Studio album by John Williamson
- Released: 4 April 2025
- Length: 31:39
- Label: Warner Australia
- Producer: John Williamson

John Williamson chronology
| JW Bangers (2022) | How Many Songs (2025) |  |

= How Many Songs =

How Many Songs is the twenty-first studio album by Australian country music artist John Williamson.
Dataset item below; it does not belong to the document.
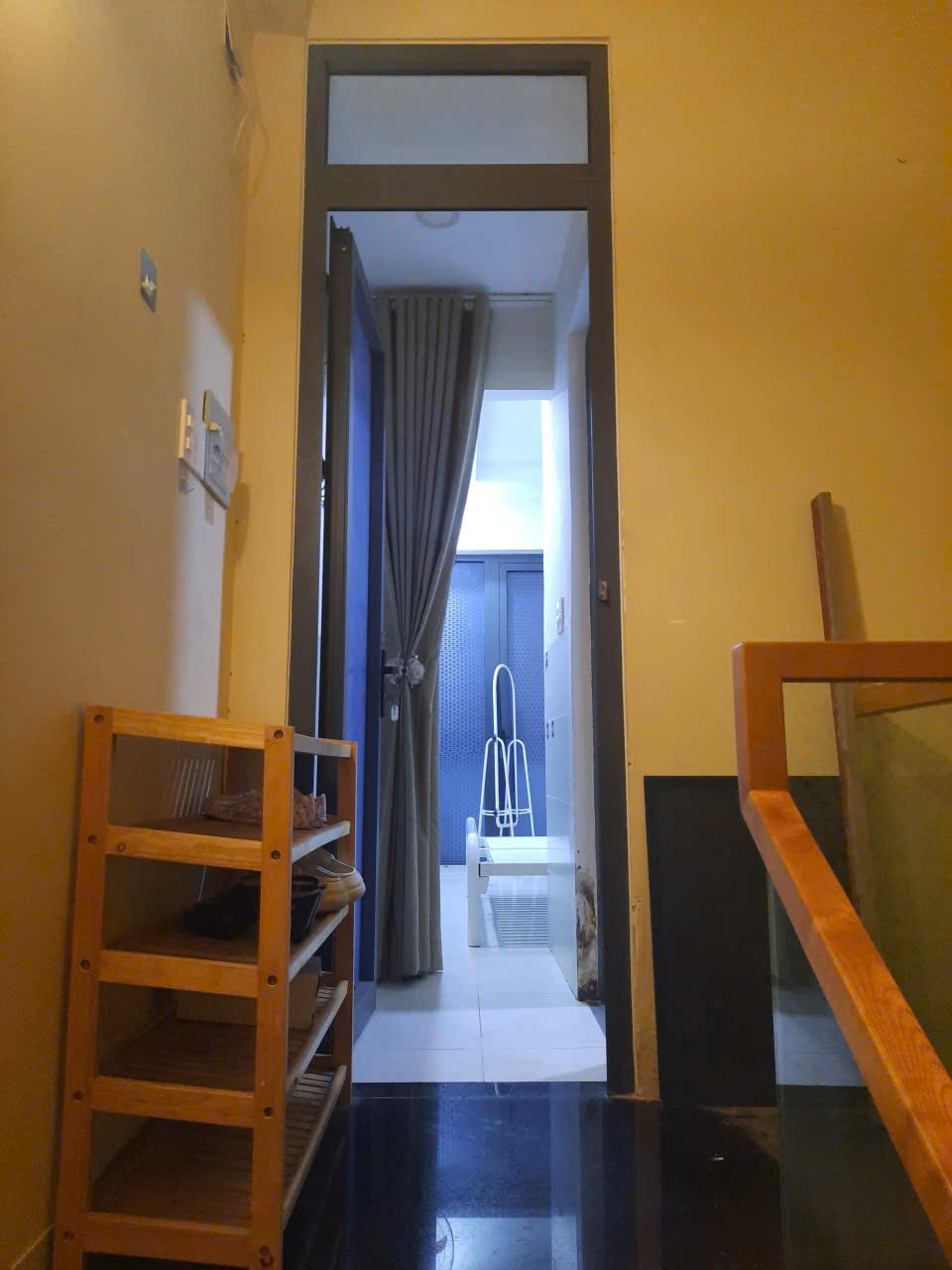 CHÍNH CHỦ CHO THUÊ PHÒNG ĐẸP BAN CÔNG RỘNG – NGAY TRUNG TÂM QUẬN 10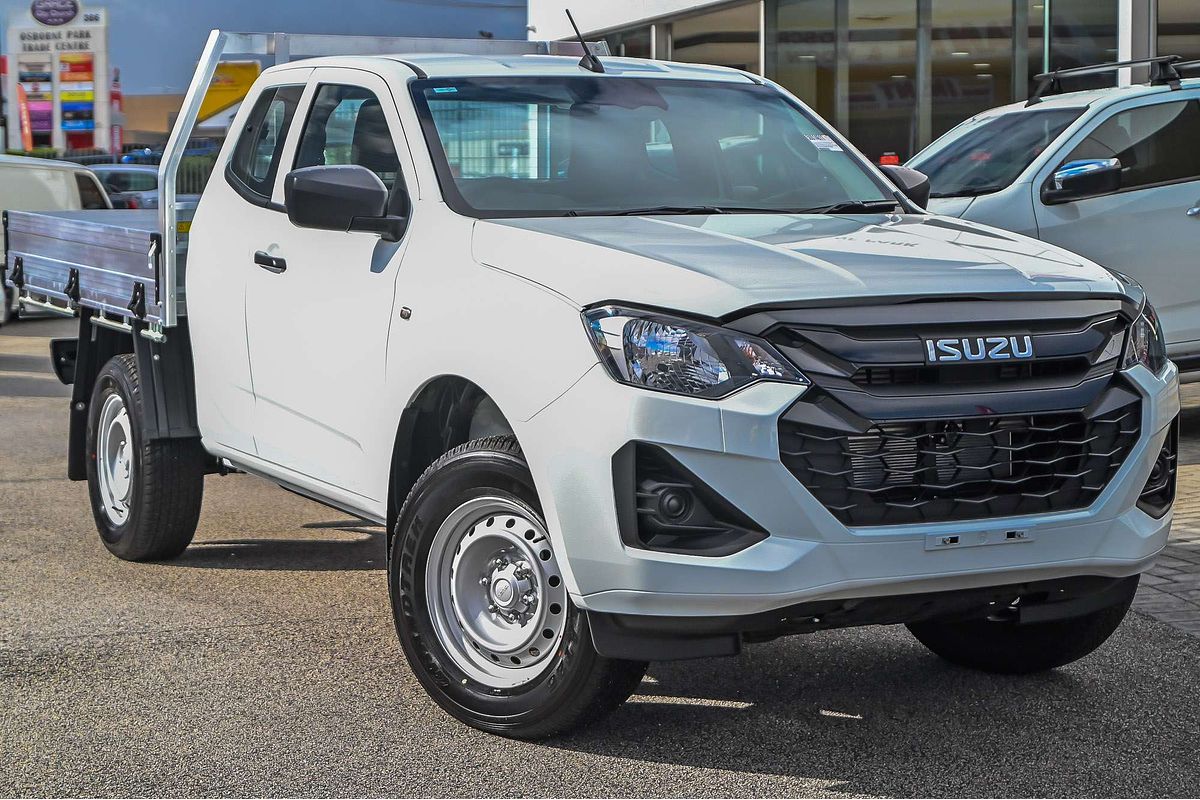 2026 Isuzu D-MAX SX High Ride Rear Wheel Drive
It was released on 4 April 2025 and peaked at number 51 on the ARIA Albums Chart.

About the album, Williamson said "I've been writing songs inspired by floods, pride of country, getting older and feeling so alive overlooking the Numinbah Valley in South East Queensland."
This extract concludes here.